Online learning offers a lifeline–especially for rural schools, according to a recent study that also predicts “blended learning” could be the way most students learn in the future.
The Sloan Consortium (Sloan-C) study, called “K-12 Online Learning,” is a follow-up to the group’s 2007 report, which was one of the first studies to collect data about online and blended learning in K-12 schools. The new study, released in January, is based on information gathered from more than 800 U.S. school systems during the 2007-08 academic year.
According to the study, three-quarters of responding school districts had at least one student enrolled in a fully online or blended course, an increase of about 10 percentage points from the group’s earlier study. (“Blended” courses employ both online and face-to-face instruction.)

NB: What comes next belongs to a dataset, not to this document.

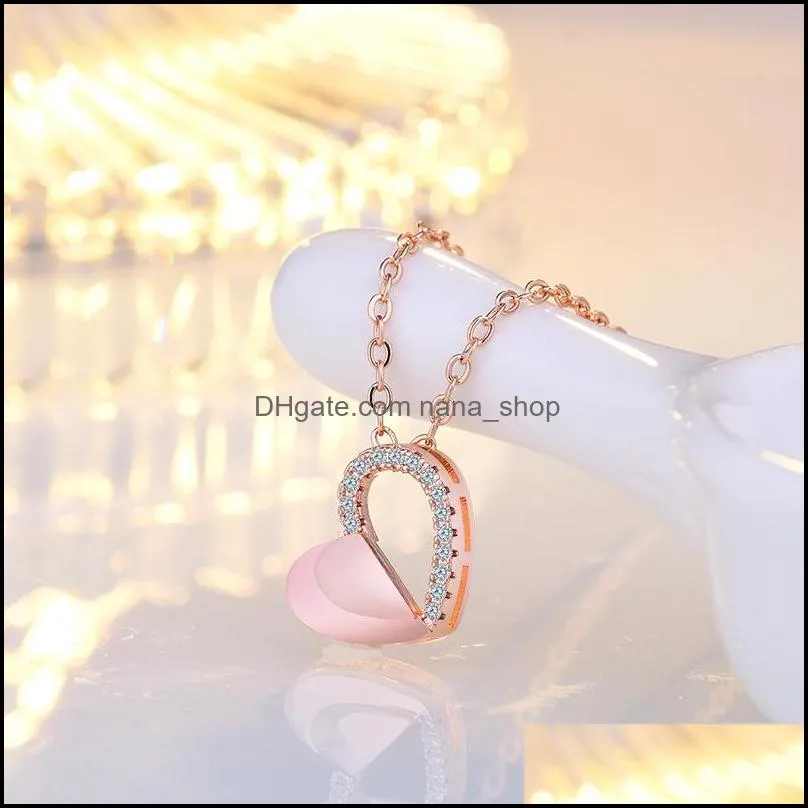 hollow out love heart pendant necklace with rhinestone crystal zircon for women girl party wedding jewelry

The total number of K-12 students taking online or blended courses in 2007-08 was estimated at 1,030,000–up from 700,000 in the earlier study–and two-thirds of respondents said they expect their online enrollments will continue to grow.
Online learning has developed differently in K-12 schools than it has in higher education, the report noted.

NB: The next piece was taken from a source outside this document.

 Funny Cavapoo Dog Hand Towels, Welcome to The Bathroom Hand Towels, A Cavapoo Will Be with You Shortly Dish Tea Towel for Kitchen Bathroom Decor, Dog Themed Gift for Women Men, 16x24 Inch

At colleges and universities, online learning has grown much more rapidly, as these institutions have invested significant dollars in developing and delivering their own online courses and degree programs.
K-12 schools, on the other hand, have “approached online learning with caution,” the report says. “Rather than investing resources in developing their own delivery support structure, they typically depend on a number of outside online learning providers, including postsecondary institutions, independent vendors, and state virtual schools.”
What’s more, most school districts (83 percent) said they use multiple online-learning providers rather than contracting with a single provider.